Иван Иванович замолчал, вдруг подумав про себя: «К чему это я Вареньке про свою бывшую жену?» И тут же ответил про себя: «Еще совсем недавно я не мог так просто заговорить об Ольге».
Словно проникнув в его мысли, Варвара светло улыбнулась:
«Если бы он любил Ольгу Павловну по-прежнему, он не стал бы мне рассказывать о ней. Значит, эти воспоминания связаны только с тем, что многое упущено в жизни. Бега, кукольный театр… Ах, дорогой Иван Иванович, как же ты обошелся без кукольного театра?! А я еще завидую тому, что ты все видел, все знаешь! — Искорки смеха мелькнули опять в глазах Варвары и погасли. — Нужны ведь и бега, и кукольный театр, и хотя бы раз в жизни побывать в цирке. Люди создали столько интересного, и надо все знать, недаром существует на свете хороший зверь — любопытство».
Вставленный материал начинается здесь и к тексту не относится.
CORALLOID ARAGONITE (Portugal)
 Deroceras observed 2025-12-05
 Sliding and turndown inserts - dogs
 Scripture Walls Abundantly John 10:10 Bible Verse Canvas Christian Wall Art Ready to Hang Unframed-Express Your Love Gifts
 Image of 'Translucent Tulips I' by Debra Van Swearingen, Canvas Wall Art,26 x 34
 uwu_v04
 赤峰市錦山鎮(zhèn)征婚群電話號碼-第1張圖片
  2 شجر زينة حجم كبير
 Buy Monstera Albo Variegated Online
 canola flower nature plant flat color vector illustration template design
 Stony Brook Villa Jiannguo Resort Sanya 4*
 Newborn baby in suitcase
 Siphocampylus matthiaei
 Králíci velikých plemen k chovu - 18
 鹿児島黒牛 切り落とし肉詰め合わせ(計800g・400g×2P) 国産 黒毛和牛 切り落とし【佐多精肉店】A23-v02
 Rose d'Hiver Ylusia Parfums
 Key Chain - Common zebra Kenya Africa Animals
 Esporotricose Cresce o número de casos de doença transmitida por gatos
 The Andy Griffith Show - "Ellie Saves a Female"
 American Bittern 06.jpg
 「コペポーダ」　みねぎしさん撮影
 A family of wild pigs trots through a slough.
— Я об этом тоже часто думала, но ведь мы не могли иначе, — сказала она, и Иван Иванович почувствовал, что девушка поняла все и не обиделась, и оттого что так легко было снято с его души мгновенное, но острое сожаление, еще милее стала она ему. — А правда, хорошо бы побывать в театре! Только я хотела бы посмотреть драматическую постановку.
И Варваре, словно наяву, представилось, как она вместе с ним идет в театр в таком же черном платье, какое она видела у Ольги. Нет, она не надела бы ничего, что могло бы напоминать дорогому человеку о его драме. Она нарядилась бы в темно-вишневое — ей, с ее светлой кожей и ярко-черными глазами, очень пошло бы такое — и золотую цепочку на шею.
Девушка взглянула на свою юбчонку, еле прикрывавшую колени, на грубые сапоги, голенища которых были широковаты для ее ног.
«Вот глупая-то! — подумала она с затаенным внутренним смехом. — Нашла время думать о нарядах!»
Она вспомнила свои скромные платья, свои книги. Все это осталось на попечении жены Хижняка. И шубка и ботики… А посуду — большой голубой таз, внутри белый как снег, и такой же кувшин — Варвара подарила перед отъездом Елене Денисовне. Будь у нее золотая цепочка, она тоже подарила бы ее старшей подруге. А платья Вари ей малы. Но когда девушка заикнулась о том, чтобы одно из них переделать для Наташи, Елена Денисовна рассердилась.